◆ Instructions to follow
Each line below must be printed again exactly.

◆ Data provided
- - -
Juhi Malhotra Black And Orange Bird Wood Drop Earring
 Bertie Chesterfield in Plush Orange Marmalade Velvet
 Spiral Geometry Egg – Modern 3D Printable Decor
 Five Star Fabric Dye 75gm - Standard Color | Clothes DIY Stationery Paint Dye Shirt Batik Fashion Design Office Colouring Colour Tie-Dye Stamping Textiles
- - -
◆ Answer section
Juhi Malhotra Black And Orange Bird Wood Drop Earring
 Bertie Chesterfield in Plush Orange Marmalade Velvet
 Spiral Geometry Egg – Modern 3D Printable Decor
 Five Star Fabric Dye 75gm - Standard Color | Clothes DIY Stationery Paint Dye Shirt Batik Fashion Design Office Colouring Colour Tie-Dye Stamping Textiles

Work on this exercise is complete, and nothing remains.